Faldas, vaqueros, camisas, uniformes de colegio, de soldados, disfraces y hasta vestidos de novia han pasado por sus manos. Una costurera siempre es alguien que te recuerda a tu madre, que te devuelve a ese escenario de la niñez, lleno de rodilleras en los pantalones y de remiendos en los calcetines cuando había que hacer frente a las estrecheces tirando de la aguja y el dedal.

La modista te devuelve a ese territorio del alma que no sabía ni de Zara ni de Stradivarius. En un segundo, la modista traslada de nuevo tu memoria a casa de Marina, de Modesta, de Fili, mujeres, madres, amas de casa todas ellas, que llenaban con sus pespuntes las cartillas cuando no existían los cajeros automáticos y todas las semanas les tocaba ir a la Caja de Ahorros para cuadrar números en la mejor y más acertada economía: la del esfuerzo, no la del mercado.

Hábitos sociales

Hábitos socialesLos siglos XIX y XX trajeron a España cambios significativos. Hubo avances tecnológicos que propiciaron la industrialización y el nacimiento de una burguesía que modificó los hábitos de la sociedad. Todo contribuyó a un panorama donde la vestimenta tuvo un papel importante. Pero las modistas tienden a desaparecer, y eso que la crisis las hizo resurgir. Sin embargo, en esta sociedad donde todos quieren ir a la universidad nos hemos olvidado de los oficios.

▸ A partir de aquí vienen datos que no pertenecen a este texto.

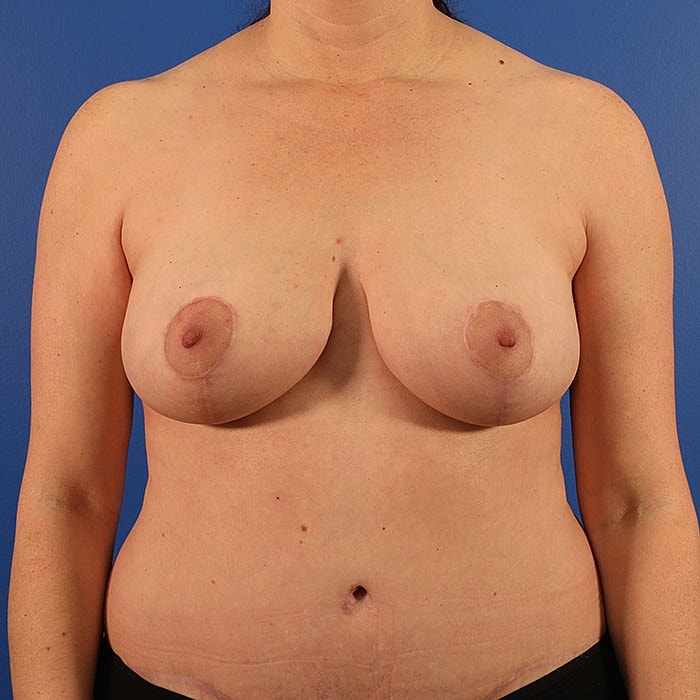 Mastopexy Before & After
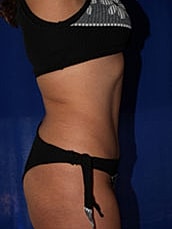 Tummy Tuck Before & After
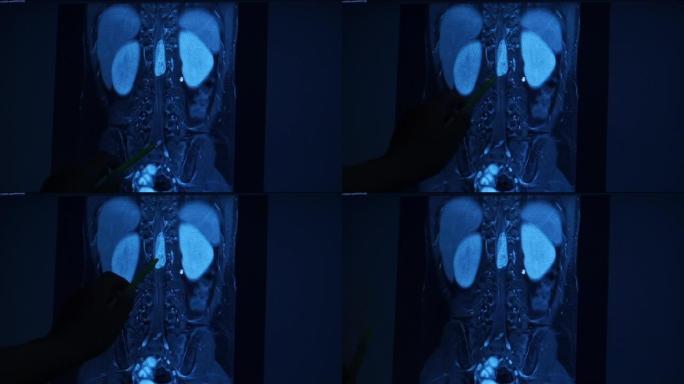 MRI腰椎首先查看正常脊柱，2查看发现脊髓左侧至远端硬膜外髓质肿块。
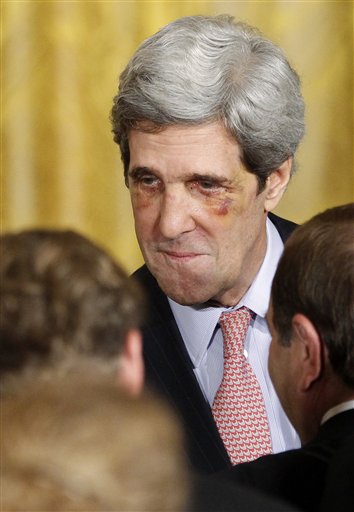 Senator John Kerry Sporting Broken Nose, Black Eyes During Bruins' Meeting With President Barack Obama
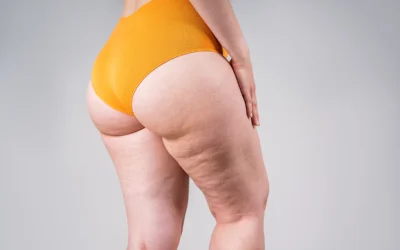 The Truth About Liposuction and Cellulite – Part 1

Carmen tiene 70 años. Nació en Cáceres, en la calle Constancia, en la plaza de Italia, «en la Peña Redonda frente a la torre», dice con orgullo. Entre sus vecinas, Felisa, Martina, la señora Nicasia (que trabajaba en el ayuntamiento), Manolo y Matilde (que vendían las máquinas de escribir de Mecano), y Paquita, que su padre era cantero. Se casó con Valentín, que era electricista en Candela y Ballel, y tuvieron un hijo, Francisco Javier, casado con Pilar, que trabaja en Villegas, y tienen dos pequeños, Javier y Álvaro.

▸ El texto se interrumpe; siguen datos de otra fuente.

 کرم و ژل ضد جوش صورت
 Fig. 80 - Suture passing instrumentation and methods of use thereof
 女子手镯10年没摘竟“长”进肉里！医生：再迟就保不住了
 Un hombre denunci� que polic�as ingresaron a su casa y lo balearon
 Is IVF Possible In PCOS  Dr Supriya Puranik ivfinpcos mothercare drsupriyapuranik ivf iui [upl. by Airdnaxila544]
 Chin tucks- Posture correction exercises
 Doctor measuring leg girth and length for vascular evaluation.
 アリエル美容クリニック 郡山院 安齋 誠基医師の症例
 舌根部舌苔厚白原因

Carmen se crió en una familia de otros dos hermanos: Flores y Leandro. Su padre era albañil, su madre estaba empleada en el matadero. Fue a la escuela del Perejil, donde Petri fue su profesora. A los 12 años comenzó en el oficio de la mano de Rosario, una modista que tenía el taller en la calle Javier García (hoy Roso de Luna).

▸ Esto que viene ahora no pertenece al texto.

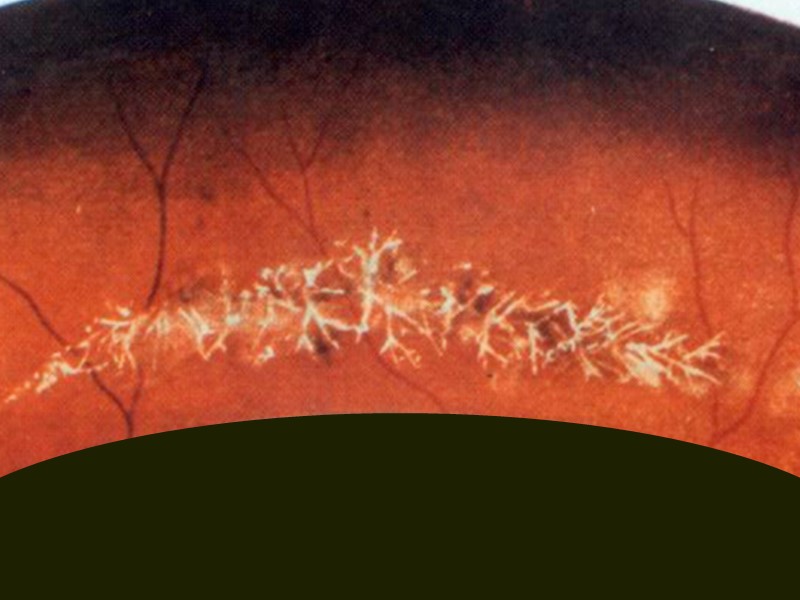 Нормальная макула      Следует обращать внимание на наличие фовелярного и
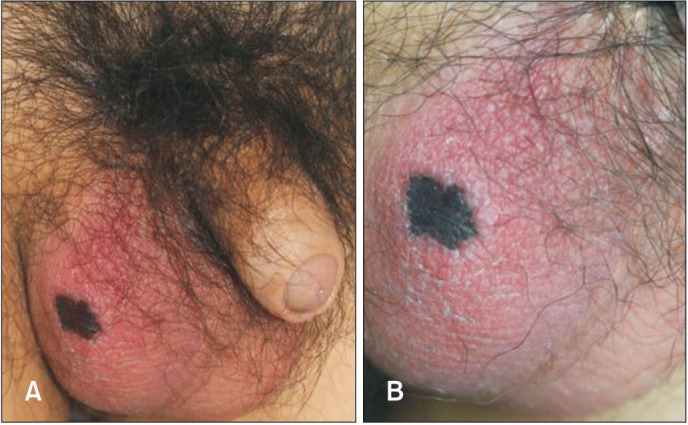 A Rare Case of Juvenile Gangrenous Vasculitis of the Scrotum in Korea.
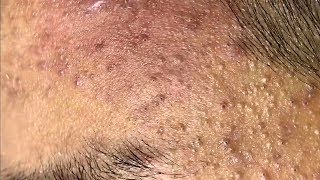 Best Blackheads Remover (Part 01)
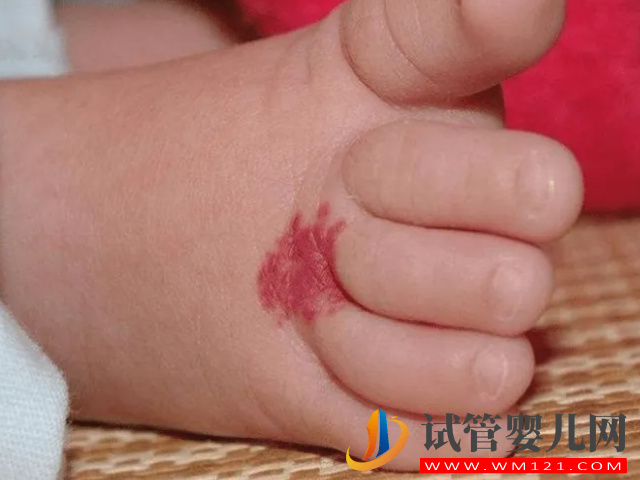 兒童不同位置胎記圖解大全，是福是禍點看看了才知道(圖1)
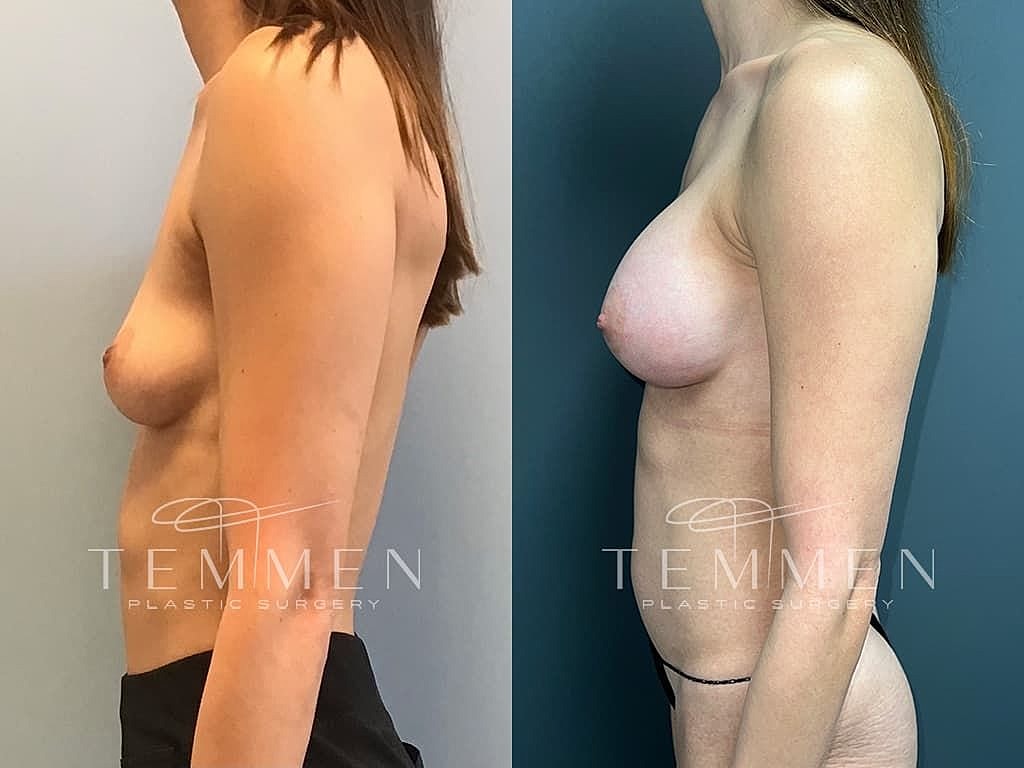 Before and after breast enhancement comparison.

Fueron años inolvidables, de costura y de paseos en busca de botones a Mendieta y a Mendoza. Aprendió rápido, tanto que con el paso de los años dio clases en la Casa de Cultura Rodríguez Moñino, en Llopis Ivorra. En su casa también cosía, y cuando a las niñas les daban vacaciones en la escuela, las madres las llevaban con Carmen para que las enseñara a sobrehilar.

Después se puso a trabajar con el modisto Sebastián Navarro, que abrió en Cánovas un taller de arreglos. Finalmente, ella y su compañera Felisa se hicieron cargo del negocio. Hace cuatro años Felisa se jubiló. Ahora le toca el turno a Carmen, que la próxima semana cerrará «porque no viene nadie a preguntar, no hay modistas. Esto necesitaría más gente. Me da muchísima pena». Un pequeño nudo se hace en la garganta al escucharla.

Hace falta mucho arte para tomar medidas y preparar patrones. La puerta echa el cerrojo y tras ella, tijeras, manuales, cintas métricas, libretas de medidas que apagan la luz de este universo de telas al que Carmen le ha dado la vida.